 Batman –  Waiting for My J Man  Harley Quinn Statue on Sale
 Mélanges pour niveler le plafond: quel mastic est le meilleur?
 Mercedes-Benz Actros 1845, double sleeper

...

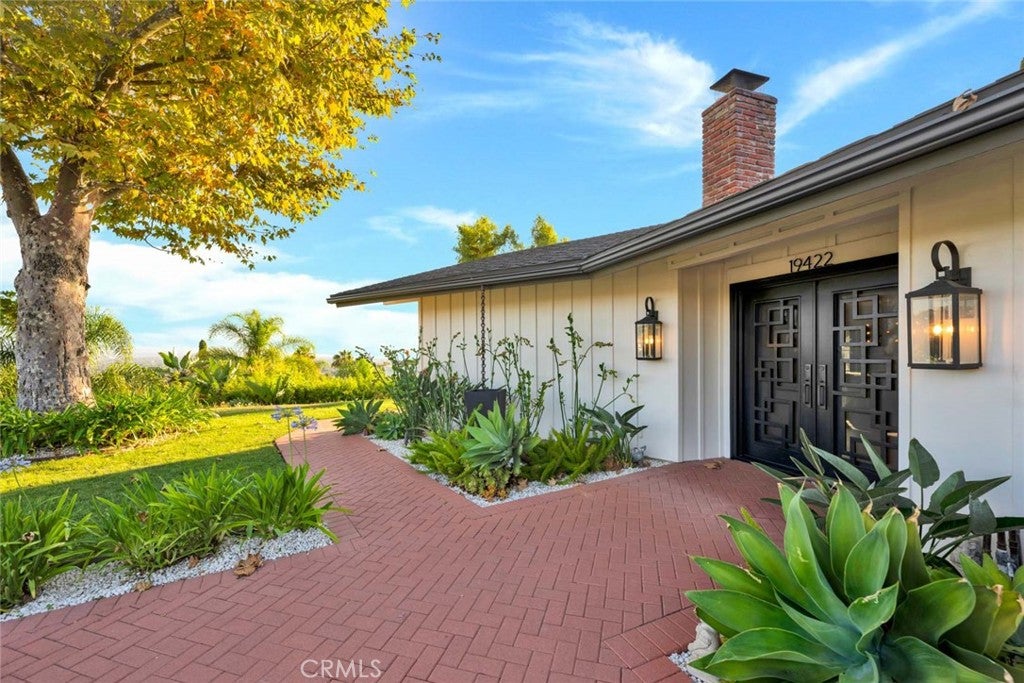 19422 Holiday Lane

==

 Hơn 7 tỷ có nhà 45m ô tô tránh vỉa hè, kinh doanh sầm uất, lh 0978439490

_WHAT TO PRODUCE_: Taking the line with "Statue on Sale" as the first and the line with "Mercedes-Benz Actros 1845, double sleeper" as the last, retype that stretch of the data above exactly, with no other lines.

_SOLUTION TO THIS PROBLEM_:
 Batman –  Waiting for My J Man  Harley Quinn Statue on Sale
 Mélanges pour niveler le plafond: quel mastic est le meilleur?
 Mercedes-Benz Actros 1845, double sleeper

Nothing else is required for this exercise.